• Data block
= = =
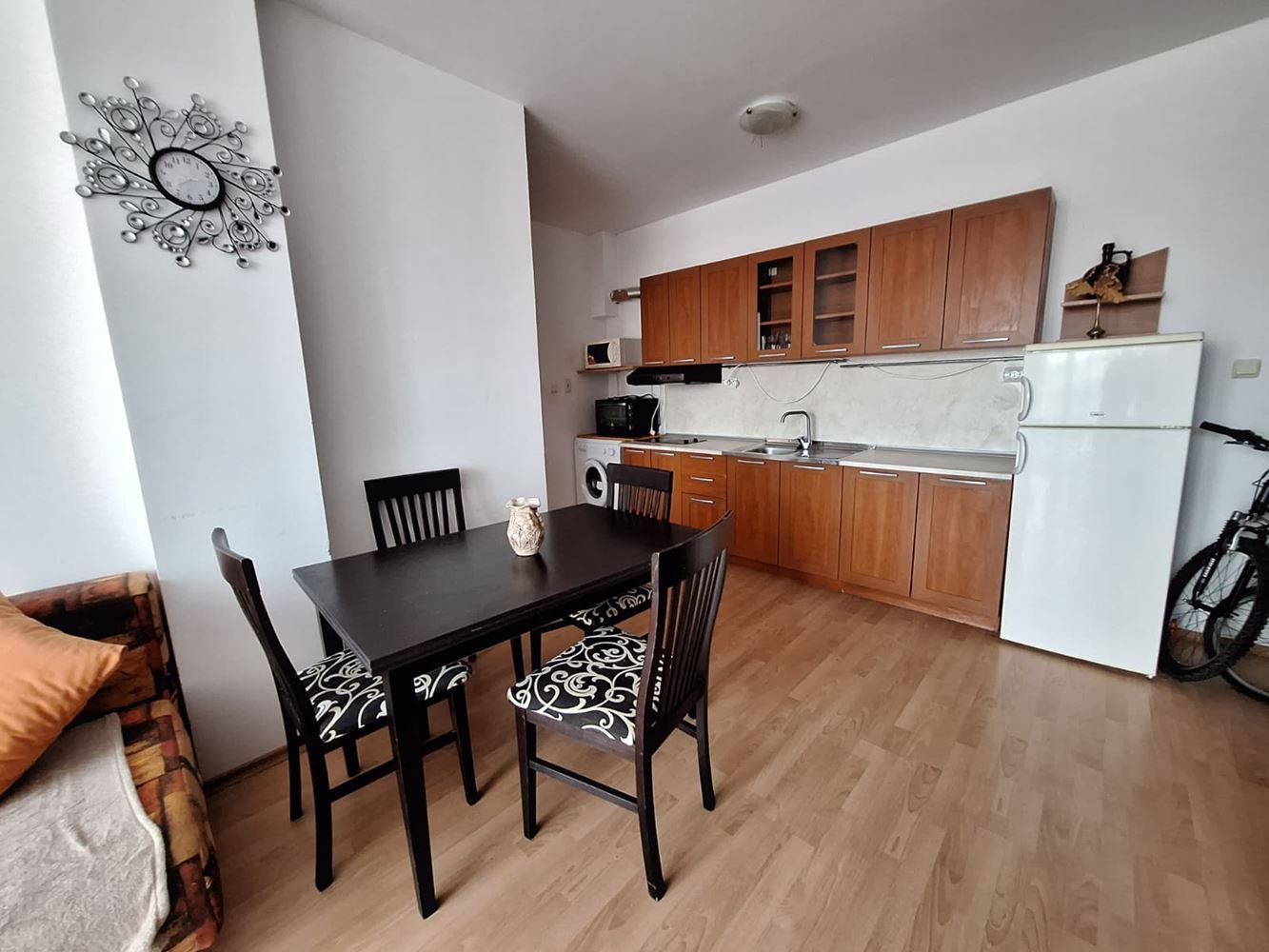 Просторная квартира с одной спальней в люксовом комплексе с бассейнами и спортивными удобствами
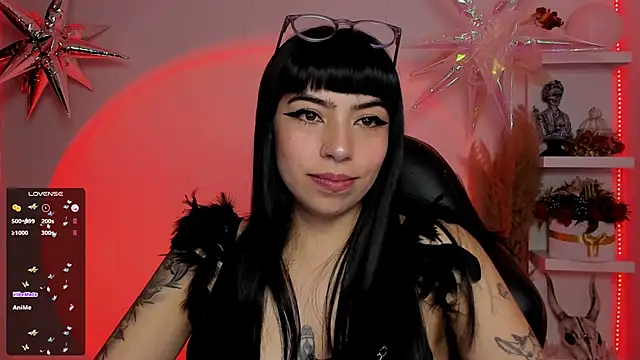 Saraa Desiree online show from March 18, 2025, 5:53 pm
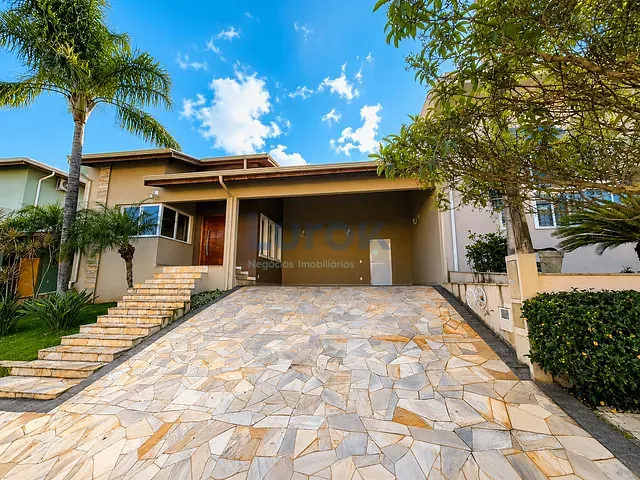 Casa com 300m² 3 quartos e 4 banheiros, à venda, no bairro Roncáglia em Valinhos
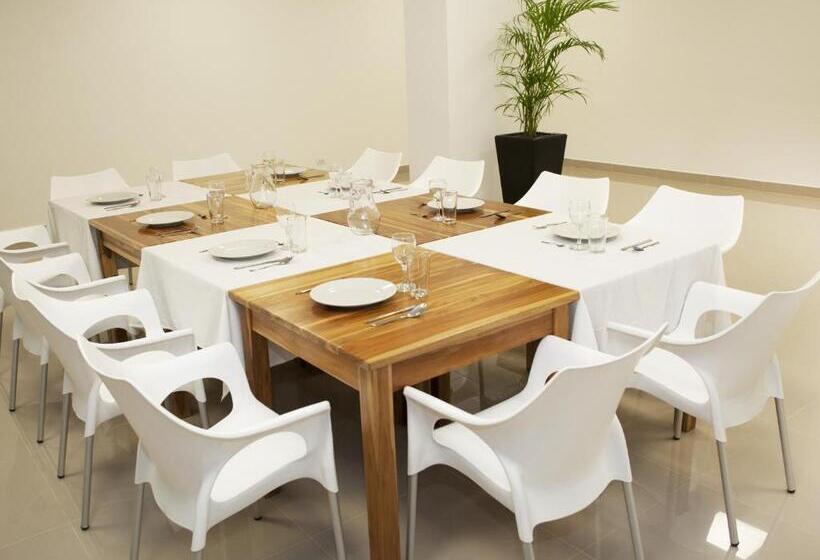 Отель Cinco Monteria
= = =
• Task to carry out
Once the pictures are removed, copy the material above exactly.

• Response area
 Просторная квартира с одной спальней в люксовом комплексе с бассейнами и спортивными удобствами
 Saraa Desiree online show from March 18, 2025, 5:53 pm
 Casa com 300m² 3 quartos e 4 banheiros, à venda, no bairro Roncáglia em Valinhos
 Отель Cinco Monteria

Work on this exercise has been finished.